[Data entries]
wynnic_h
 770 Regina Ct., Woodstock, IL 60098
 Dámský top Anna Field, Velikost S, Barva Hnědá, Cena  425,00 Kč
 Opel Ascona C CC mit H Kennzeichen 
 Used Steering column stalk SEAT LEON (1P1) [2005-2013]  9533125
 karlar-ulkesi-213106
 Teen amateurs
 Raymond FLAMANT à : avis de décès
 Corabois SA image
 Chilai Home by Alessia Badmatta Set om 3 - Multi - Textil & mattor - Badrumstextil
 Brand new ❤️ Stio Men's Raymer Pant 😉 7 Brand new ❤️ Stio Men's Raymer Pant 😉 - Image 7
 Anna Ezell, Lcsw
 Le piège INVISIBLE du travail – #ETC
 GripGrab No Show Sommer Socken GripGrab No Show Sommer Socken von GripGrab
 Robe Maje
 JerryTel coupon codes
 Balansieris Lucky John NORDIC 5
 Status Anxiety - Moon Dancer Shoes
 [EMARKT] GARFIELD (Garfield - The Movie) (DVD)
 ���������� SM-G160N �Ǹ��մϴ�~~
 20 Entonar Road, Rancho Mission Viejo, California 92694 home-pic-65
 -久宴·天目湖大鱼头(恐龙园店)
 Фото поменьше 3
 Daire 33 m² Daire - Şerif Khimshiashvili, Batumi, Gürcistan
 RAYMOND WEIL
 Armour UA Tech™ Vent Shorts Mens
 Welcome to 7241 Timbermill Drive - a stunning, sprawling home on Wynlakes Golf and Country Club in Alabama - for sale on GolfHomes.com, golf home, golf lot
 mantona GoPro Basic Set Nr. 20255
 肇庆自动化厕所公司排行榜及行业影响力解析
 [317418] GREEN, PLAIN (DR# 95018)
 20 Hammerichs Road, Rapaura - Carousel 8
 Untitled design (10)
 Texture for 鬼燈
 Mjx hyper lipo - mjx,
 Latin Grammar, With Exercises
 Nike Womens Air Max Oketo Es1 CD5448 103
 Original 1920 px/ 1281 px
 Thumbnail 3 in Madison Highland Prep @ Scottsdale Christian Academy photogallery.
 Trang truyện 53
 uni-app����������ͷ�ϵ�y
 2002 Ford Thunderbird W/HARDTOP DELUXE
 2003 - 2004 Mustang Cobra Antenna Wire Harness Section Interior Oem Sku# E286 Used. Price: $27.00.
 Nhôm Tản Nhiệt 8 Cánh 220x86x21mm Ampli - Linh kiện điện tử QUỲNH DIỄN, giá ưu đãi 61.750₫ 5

• Exercise requirements
Every line above carrying the word "Anna" needs to be shown.

• Your response
 Dámský top Anna Field, Velikost S, Barva Hnědá, Cena  425,00 Kč
 Anna Ezell, Lcsw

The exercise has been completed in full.